November is proving to be a challenging month for London-based satellite giant Inmarsat. On October 20th its share price stood at £6.23.  Go back a little to August 21st and a share was worth £7.31. By November 17th that value had plummeted to £4.94 – a 5-year “low”. The collapse was down to a general malaise across the whole satellite industry, and in Inmarsat’s case concerns over Inmarsat’s core maritime connectivity division.

But a rescue could be in sight, in the shape of some of the world’s airline operators which are increasingly converting their aircraft for In Flight Entertainment and broadband connectivity (IFEC)

Of course, today’s airline business is modest and previous guidance that aircraft deals from the likes of Lufthansa would be generating profit margins of around 48 per cent were cut by Rupert Pearce, Inmarsat’s CEO, with him telling analysts that actual margins would be nearer 40 per cent, and thus trimming 3 per cent from its 2018 profit forecasts.

However, a note to clients on November 17th from market analysts at investment bank Jefferies put a more upbeat overview on Inmarsat’s prospects.
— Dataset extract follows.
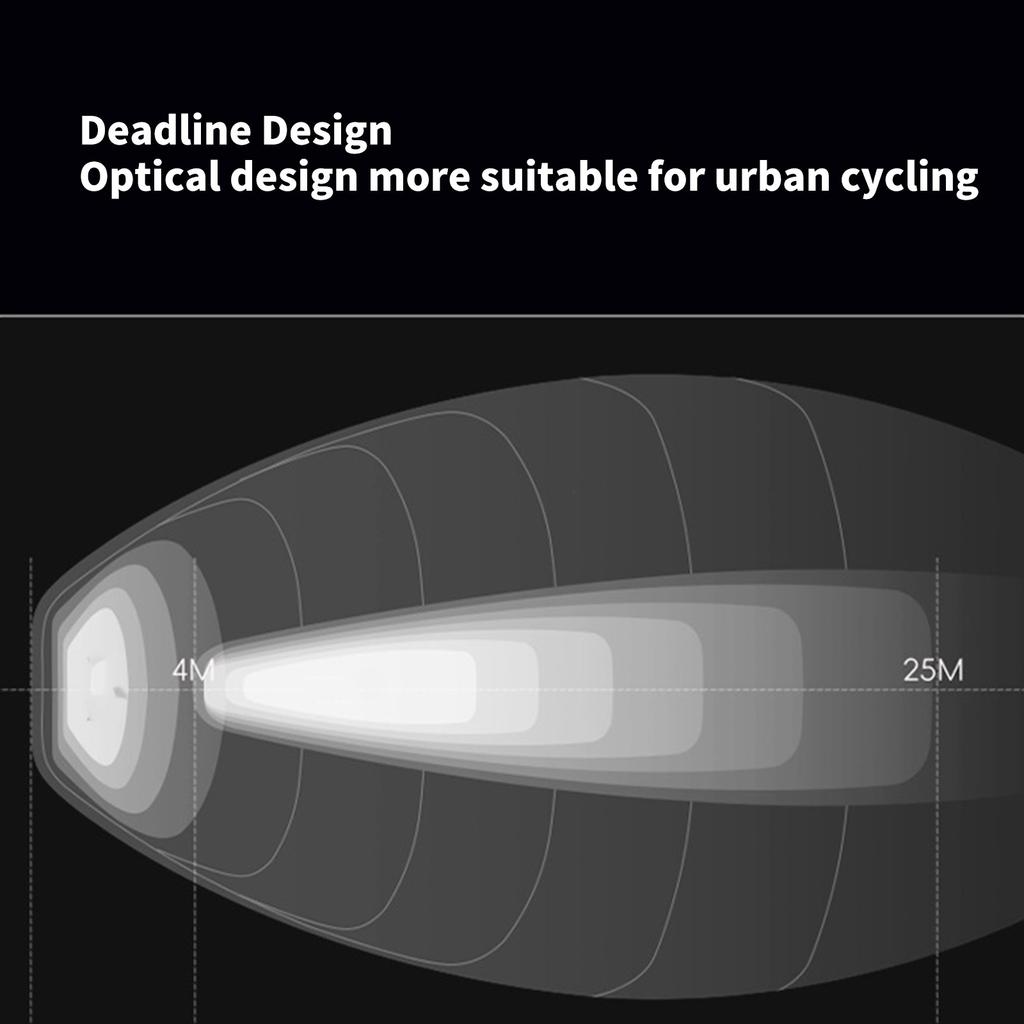 Waterproof Cycling Headlight Wireless Remote Control Bike Front Light Wireless Remote Cycling Light Bright Flashlight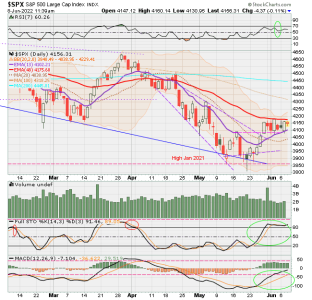 02 - C FUND - SPX DAILY.png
Giles Thorne from the bank said: “Massive Aviation margin compression is quietly yielding commercial results in the meantime.”

Thorne added: “It was on October 25th last year that Emirates made its first announcement around the in-flight entertainment and connectivity (IFEC) line-fit suppliers for its fleet of 150 brand new Boeing 777Xs, announcing that Thales would be installing its AVANT system for IFE. At the time, a decision around IFEC was left hanging, with only the tease that ‘We will be looking for the gold standard in connectivity’ (source: Patrick Brannelly, Emirates’ VP of Customer Experience, during a press event to announce the Thales deal). At the time, we’d suggested that Inmarsat’s coverage, focus on reliability, incumbency (SwiftBroadband is installed on 80 Emirates A380s) and long-standing relationship with Thales positioned it well for the IFEC contract.”

That news emerged last week. “On Wednesday, Thales announced that it had contracted with Inmarsat to install GX Aviation on the B777X fleet. The release stated that this is ‘part of Emirates and Thales’ plans to develop state-of-the-art IFEC’,” said Jefferies.  “We understand this is a wholesale deal for Inmarsat with zero success-based capex. This was the second IFC contract announcement in the past two weeks (in addition to 10 Air Azerbaijan 737 MAXs on November 13th) and takes Inmarsat’s contracted backlog up to 1,607 aircraft. Its ex-US share of all IFC announcements since the beginning of 2013 is over 40 per cent. On an Average Revenue Per Aircraft (ARPA) of $200k, this is now a $320 million book of business.”

Jefferies’ bottom line statement was that this was a “material win” for Inmarsat.  “Indeed, such is the quality of the contract, we’d expect everyone to have been bidding (Inmarsat, ViaSat / Eutelsat, Global Eagle, Gogo and Panasonic); in our view take-up rates for in-flight WiFi are higher on long-haul aircraft (like B777s), translating to higher ARPA’s.”